Attard believes Saskawea's cause had been hampered early on Woodbine Oaks Day when Palace Pier, who figured to be a pace factor, was scratched when seemingly off her game.

"I said 'Oh-oh, we're in trouble,' " said Attard. "But I think maybe if we didn't go with [Street Sounds], we would have been third.

"For my filly to finish second, after those fractions, was tremendous. Sealy Hill is obviously a better horse. We've run against her twice, and she beat us twice."

Attard now will point Saskawea for the $250,000 Bison City, a 1 1/16-mile race for Canadian-bred 3-year-old fillies here July 1.

Sweet Breanna was second to Kimchi in last year's Bison City, which was run at Fort Erie.

Matz analyzes Street Sounds's defeat

Street Sounds, trained by Michael Matz, wound up third under Ramon Dominguez as the 6-5 favorite.

Owned by Hidden Creek Farm, Street Sounds came into the Woodbine Oaks with three career stakes victories, two on turf and one on Polytrack at Keeneland.

"We didn't want to be on the lead, especially with fractions like that, but she broke too sharp," said Matz, who was visiting Woodbine for the first time. "On Polytrack, I think she's sharper than she is on grass, and I think a mile and an eighth might be a little too far for her.

"It's just something you have to figure out with a horse."

Street Sounds was heading back to her base at Fair Hill, Md., on Monday. Matz, while unsure of her next move, will consider the Bison City.

Quiet Jungle may have needed one

Quiet Jungle, owned by Sam-Son Farm and trained by Mark Frostad, never reached serious contention as the fifth-place Woodbine Oaks finisher.

"She got very tired," said Frostad. "I was a little surprised. But, in retrospect, her last two races were funnily run races. She really only ran about half a mile in each one. Maybe she just wasn't fit enough."

Quiet Jungle could return in the Bison City, but Frostad and Sam-Son also have another candidate in Catch the Thrill, who was Canada's champion 2-year-old filly last year and has been picking up the pace in preparation for her seasonal bow.

Suva headed back west

Suva, the Vancouver invader owned by Jeffrey Sengara and trained by Steve Henson, is heading back to Hastings after finishing a well-beaten seventh in the Woodbine Oaks.

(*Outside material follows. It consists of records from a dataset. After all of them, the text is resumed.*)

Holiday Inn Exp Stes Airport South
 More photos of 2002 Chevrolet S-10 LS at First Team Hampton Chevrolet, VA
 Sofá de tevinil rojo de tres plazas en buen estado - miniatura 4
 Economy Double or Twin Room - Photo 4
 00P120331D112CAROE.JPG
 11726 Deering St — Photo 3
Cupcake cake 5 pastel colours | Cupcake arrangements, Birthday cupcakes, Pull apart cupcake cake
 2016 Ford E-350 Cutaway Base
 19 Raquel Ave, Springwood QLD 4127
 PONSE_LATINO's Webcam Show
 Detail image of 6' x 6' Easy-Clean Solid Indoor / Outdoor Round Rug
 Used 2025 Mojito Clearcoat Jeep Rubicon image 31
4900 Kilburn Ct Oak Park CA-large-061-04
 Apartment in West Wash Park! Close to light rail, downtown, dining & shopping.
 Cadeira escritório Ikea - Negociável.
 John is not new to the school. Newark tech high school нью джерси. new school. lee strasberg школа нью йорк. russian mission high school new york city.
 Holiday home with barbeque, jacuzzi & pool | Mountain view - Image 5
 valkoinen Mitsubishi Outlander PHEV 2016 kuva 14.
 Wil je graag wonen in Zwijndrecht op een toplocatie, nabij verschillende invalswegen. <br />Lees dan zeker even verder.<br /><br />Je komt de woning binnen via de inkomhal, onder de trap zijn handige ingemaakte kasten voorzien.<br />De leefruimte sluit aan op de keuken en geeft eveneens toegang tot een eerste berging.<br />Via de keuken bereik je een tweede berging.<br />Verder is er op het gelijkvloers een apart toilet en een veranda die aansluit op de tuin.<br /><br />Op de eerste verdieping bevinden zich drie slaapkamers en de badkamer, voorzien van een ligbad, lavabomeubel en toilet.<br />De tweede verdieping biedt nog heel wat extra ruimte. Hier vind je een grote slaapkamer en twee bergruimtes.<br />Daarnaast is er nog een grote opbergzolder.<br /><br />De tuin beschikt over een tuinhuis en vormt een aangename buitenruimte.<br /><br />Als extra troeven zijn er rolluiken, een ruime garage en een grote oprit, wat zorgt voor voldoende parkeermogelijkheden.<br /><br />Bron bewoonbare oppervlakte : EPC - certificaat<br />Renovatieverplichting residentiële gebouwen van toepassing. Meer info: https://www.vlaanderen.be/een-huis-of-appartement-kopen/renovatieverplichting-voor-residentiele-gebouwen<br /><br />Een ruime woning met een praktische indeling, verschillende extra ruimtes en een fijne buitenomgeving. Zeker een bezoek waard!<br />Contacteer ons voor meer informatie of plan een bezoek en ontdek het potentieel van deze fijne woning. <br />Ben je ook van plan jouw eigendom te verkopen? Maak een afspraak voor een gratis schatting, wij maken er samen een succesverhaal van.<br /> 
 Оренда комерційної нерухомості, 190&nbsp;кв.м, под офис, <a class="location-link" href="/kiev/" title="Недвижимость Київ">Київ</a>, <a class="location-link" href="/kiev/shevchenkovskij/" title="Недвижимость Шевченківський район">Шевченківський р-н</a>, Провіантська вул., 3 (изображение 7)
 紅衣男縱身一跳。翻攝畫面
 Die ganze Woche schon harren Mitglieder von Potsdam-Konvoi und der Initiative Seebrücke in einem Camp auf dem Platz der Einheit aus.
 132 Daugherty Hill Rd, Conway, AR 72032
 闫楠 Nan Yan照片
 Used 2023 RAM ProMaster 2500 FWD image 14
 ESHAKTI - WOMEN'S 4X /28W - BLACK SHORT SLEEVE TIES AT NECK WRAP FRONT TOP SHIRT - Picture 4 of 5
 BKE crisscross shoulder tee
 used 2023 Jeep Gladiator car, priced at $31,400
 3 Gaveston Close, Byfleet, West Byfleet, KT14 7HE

"She got outrun, that's all," said Henson. "She had a little trouble down the backstretch, but nothing that was going to make any difference.

"I'll turn her out for a couple of weeks, and get her ready for British Columbia Cup Day."

Suva's target on that Aug. 6 program at Hastings is the $45,000 Dogwood, a 1 1/16-mile race for 3-year-old fillies bred in British Columbia.

Mixed results for Pletcher

Christies Treasure and Belleplaine, both trained by Todd Pletcher, left Woodbine early Monday morning after contrasting efforts in the Woodbine Oaks.

Christies Treasure, owned by Elisabeth Alexander, closed to finish fourth in her first outing on a surface other than turf, while Belleplaine, owned by Melnyk Racing Stable, was eased after racing in third place through the early stages.